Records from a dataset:
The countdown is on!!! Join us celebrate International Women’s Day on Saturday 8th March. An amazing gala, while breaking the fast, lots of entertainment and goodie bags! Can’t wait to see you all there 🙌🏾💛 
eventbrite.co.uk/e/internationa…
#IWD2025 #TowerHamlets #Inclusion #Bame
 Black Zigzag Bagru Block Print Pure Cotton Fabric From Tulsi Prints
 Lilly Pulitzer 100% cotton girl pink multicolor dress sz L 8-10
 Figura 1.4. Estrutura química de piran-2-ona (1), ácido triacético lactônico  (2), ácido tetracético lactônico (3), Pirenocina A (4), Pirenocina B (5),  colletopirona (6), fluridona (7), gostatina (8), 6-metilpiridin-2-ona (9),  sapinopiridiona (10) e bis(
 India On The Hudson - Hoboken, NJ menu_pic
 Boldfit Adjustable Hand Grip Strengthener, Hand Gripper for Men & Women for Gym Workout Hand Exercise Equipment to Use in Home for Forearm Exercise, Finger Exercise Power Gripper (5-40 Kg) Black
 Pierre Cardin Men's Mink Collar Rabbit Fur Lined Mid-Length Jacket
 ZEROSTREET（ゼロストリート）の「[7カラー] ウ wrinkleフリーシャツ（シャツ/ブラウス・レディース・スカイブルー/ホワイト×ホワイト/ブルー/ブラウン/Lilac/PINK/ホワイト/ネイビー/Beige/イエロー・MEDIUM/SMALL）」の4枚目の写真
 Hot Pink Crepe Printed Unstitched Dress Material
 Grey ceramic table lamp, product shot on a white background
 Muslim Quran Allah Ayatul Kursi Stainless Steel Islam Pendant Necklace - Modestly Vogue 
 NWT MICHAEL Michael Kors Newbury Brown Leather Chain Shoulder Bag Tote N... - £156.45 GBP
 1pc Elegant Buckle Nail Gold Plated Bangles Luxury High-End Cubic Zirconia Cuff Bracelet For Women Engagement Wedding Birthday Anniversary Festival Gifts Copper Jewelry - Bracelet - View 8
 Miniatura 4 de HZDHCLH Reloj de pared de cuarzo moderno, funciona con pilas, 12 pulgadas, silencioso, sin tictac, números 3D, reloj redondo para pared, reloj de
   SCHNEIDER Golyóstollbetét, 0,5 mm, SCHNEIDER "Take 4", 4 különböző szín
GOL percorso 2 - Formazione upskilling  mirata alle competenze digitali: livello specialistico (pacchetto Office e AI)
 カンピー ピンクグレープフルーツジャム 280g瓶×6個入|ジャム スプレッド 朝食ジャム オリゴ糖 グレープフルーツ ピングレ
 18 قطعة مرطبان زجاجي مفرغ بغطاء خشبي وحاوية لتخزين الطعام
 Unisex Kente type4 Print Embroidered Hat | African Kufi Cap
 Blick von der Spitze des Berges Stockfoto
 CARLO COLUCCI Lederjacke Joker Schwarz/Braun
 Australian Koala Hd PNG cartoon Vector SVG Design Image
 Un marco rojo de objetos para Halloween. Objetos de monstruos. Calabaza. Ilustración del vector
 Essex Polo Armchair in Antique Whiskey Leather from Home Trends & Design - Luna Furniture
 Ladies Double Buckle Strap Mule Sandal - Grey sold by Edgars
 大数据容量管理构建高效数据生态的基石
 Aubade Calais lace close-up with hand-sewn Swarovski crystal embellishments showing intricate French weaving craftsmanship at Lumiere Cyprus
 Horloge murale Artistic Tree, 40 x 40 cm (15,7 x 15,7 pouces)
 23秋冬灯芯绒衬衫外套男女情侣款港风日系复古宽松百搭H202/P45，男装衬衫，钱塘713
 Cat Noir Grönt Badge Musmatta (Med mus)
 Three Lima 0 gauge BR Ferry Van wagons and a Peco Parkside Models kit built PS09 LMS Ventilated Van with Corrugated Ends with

» **DIRECTIONS FOR THIS TASK**: Transcribe the records in full, keeping every character as it is.

» **SOLUTION FOR THIS TASK**:
The countdown is on!!! Join us celebrate International Women’s Day on Saturday 8th March. An amazing gala, while breaking the fast, lots of entertainment and goodie bags! Can’t wait to see you all there 🙌🏾💛 
eventbrite.co.uk/e/internationa…
#IWD2025 #TowerHamlets #Inclusion #Bame
 Black Zigzag Bagru Block Print Pure Cotton Fabric From Tulsi Prints
 Lilly Pulitzer 100% cotton girl pink multicolor dress sz L 8-10
 Figura 1.4. Estrutura química de piran-2-ona (1), ácido triacético lactônico  (2), ácido tetracético lactônico (3), Pirenocina A (4), Pirenocina B (5),  colletopirona (6), fluridona (7), gostatina (8), 6-metilpiridin-2-ona (9),  sapinopiridiona (10) e bis(
 India On The Hudson - Hoboken, NJ menu_pic
 Boldfit Adjustable Hand Grip Strengthener, Hand Gripper for Men & Women for Gym Workout Hand Exercise Equipment to Use in Home for Forearm Exercise, Finger Exercise Power Gripper (5-40 Kg) Black
 Pierre Cardin Men's Mink Collar Rabbit Fur Lined Mid-Length Jacket
 ZEROSTREET（ゼロストリート）の「[7カラー] ウ wrinkleフリーシャツ（シャツ/ブラウス・レディース・スカイブルー/ホワイト×ホワイト/ブルー/ブラウン/Lilac/PINK/ホワイト/ネイビー/Beige/イエロー・MEDIUM/SMALL）」の4枚目の写真
 Hot Pink Crepe Printed Unstitched Dress Material
 Grey ceramic table lamp, product shot on a white background
 Muslim Quran Allah Ayatul Kursi Stainless Steel Islam Pendant Necklace - Modestly Vogue 
 NWT MICHAEL Michael Kors Newbury Brown Leather Chain Shoulder Bag Tote N... - £156.45 GBP
 1pc Elegant Buckle Nail Gold Plated Bangles Luxury High-End Cubic Zirconia Cuff Bracelet For Women Engagement Wedding Birthday Anniversary Festival Gifts Copper Jewelry - Bracelet - View 8
 Miniatura 4 de HZDHCLH Reloj de pared de cuarzo moderno, funciona con pilas, 12 pulgadas, silencioso, sin tictac, números 3D, reloj redondo para pared, reloj de
   SCHNEIDER Golyóstollbetét, 0,5 mm, SCHNEIDER "Take 4", 4 különböző szín
GOL percorso 2 - Formazione upskilling  mirata alle competenze digitali: livello specialistico (pacchetto Office e AI)
 カンピー ピンクグレープフルーツジャム 280g瓶×6個入|ジャム スプレッド 朝食ジャム オリゴ糖 グレープフルーツ ピングレ
 18 قطعة مرطبان زجاجي مفرغ بغطاء خشبي وحاوية لتخزين الطعام
 Unisex Kente type4 Print Embroidered Hat | African Kufi Cap
 Blick von der Spitze des Berges Stockfoto
 CARLO COLUCCI Lederjacke Joker Schwarz/Braun
 Australian Koala Hd PNG cartoon Vector SVG Design Image
 Un marco rojo de objetos para Halloween. Objetos de monstruos. Calabaza. Ilustración del vector
 Essex Polo Armchair in Antique Whiskey Leather from Home Trends & Design - Luna Furniture
 Ladies Double Buckle Strap Mule Sandal - Grey sold by Edgars
 大数据容量管理构建高效数据生态的基石
 Aubade Calais lace close-up with hand-sewn Swarovski crystal embellishments showing intricate French weaving craftsmanship at Lumiere Cyprus
 Horloge murale Artistic Tree, 40 x 40 cm (15,7 x 15,7 pouces)
 23秋冬灯芯绒衬衫外套男女情侣款港风日系复古宽松百搭H202/P45，男装衬衫，钱塘713
 Cat Noir Grönt Badge Musmatta (Med mus)
 Three Lima 0 gauge BR Ferry Van wagons and a Peco Parkside Models kit built PS09 LMS Ventilated Van with Corrugated Ends with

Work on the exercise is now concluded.